The trustee, Brian Shapiro, expects to schedule the deposition within six weeks.

Desai, however, isn’t likely to be cooperative.

In Bankruptcy Court papers last month, Desai’s lead criminal defense attorney, Richard Wright, said Desai’s cognitive skills are so diminished that he “can’t accurately recall or articulate facts or comprehend legal concepts and proceedings.”

Wright advised Desai to assert his Fifth Amendment right against self-incrimination and not answer questions at previous depositions in the civil litigation. That’s because Desai is the target of a Metro Police investigation over the hepatitis outbreak.

So far, Desai has managed to avoid making any public appearances during the legal proceedings against him. Wright and his partners have taken the Fifth for him.

This time Desai will have to be on hand, but Wright is still expected to assert the privilege on his behalf.

The deposition will be conducted behind closed doors.

•••

Embattled Pahrump developer Hans Seibt has thrown in the towel in Bankruptcy Court.

Seibt has signed an agreement that prevents him from discharging his debts in his $70 million bankruptcy case.

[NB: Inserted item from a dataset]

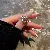 Medieval Vintage Retro Ring Light Luxury Index Finger Open Versatile - 1#真金电镀开口戒指-金色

That means Seibt’s creditors, many of them senior citizens who invested heavily with Seibt, can now file suit against him to recover their losses.

In court papers filed this year, Lenard Schwartzer, the bankruptcy trustee overseeing Seibt’s case, accused Seibt of defrauding his investors through an illegal Ponzi scheme.

Seibt denies the allegations, but Schwartzer’s investigator is continuing to look for evidence of fraud on the developer’s part.

The FBI also is investigating Seibt.